● Work order: Copy each line of the entries beneath that contains the word "Photo".

══ Source data ══

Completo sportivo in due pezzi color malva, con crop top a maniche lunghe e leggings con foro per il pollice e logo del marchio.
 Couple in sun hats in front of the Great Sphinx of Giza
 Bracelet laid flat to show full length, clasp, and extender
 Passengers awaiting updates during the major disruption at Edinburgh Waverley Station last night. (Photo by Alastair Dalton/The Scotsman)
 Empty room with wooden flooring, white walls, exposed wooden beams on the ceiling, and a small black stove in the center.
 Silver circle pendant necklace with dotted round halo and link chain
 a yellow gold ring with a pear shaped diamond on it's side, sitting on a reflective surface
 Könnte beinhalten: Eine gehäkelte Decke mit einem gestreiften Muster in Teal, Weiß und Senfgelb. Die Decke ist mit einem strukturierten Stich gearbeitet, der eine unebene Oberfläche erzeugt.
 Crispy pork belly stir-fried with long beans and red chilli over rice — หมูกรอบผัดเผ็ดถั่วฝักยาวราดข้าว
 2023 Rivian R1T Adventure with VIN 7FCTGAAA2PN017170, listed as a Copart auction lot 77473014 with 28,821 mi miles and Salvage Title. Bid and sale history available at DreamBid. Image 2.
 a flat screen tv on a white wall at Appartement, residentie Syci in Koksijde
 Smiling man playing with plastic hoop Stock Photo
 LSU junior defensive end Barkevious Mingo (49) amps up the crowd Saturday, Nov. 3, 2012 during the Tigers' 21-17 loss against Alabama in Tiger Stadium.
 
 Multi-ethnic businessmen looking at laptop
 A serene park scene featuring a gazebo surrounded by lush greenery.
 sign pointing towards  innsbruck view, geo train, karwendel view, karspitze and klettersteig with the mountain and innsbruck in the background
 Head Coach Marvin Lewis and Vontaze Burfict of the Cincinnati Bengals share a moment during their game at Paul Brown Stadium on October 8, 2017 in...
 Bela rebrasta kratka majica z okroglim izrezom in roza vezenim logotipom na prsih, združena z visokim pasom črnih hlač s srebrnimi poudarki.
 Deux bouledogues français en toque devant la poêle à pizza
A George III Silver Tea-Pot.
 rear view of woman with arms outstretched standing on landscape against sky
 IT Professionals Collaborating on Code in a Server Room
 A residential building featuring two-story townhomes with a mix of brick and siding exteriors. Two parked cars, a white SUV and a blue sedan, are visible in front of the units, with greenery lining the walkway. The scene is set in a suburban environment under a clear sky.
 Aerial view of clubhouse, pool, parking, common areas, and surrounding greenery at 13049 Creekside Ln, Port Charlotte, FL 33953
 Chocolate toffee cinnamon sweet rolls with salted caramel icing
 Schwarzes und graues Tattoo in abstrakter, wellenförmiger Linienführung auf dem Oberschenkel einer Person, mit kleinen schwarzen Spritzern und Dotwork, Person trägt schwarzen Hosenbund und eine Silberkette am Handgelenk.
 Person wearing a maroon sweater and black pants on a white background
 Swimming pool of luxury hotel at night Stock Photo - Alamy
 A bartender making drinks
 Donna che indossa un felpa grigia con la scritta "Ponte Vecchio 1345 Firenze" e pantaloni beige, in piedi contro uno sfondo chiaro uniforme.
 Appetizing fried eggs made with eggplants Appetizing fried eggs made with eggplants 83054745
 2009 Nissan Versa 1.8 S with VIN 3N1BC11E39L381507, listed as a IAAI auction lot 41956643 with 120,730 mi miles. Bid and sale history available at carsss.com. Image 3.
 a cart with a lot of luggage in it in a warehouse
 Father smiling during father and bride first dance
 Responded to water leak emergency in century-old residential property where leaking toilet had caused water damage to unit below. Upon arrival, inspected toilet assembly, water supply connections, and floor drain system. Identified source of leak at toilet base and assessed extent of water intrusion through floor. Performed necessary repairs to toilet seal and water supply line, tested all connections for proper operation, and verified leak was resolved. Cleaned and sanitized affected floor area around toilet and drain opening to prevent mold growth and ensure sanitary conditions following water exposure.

═══

● Task output:
 Passengers awaiting updates during the major disruption at Edinburgh Waverley Station last night. (Photo by Alastair Dalton/The Scotsman)
 Smiling man playing with plastic hoop Stock Photo
 Swimming pool of luxury hotel at night Stock Photo - Alamy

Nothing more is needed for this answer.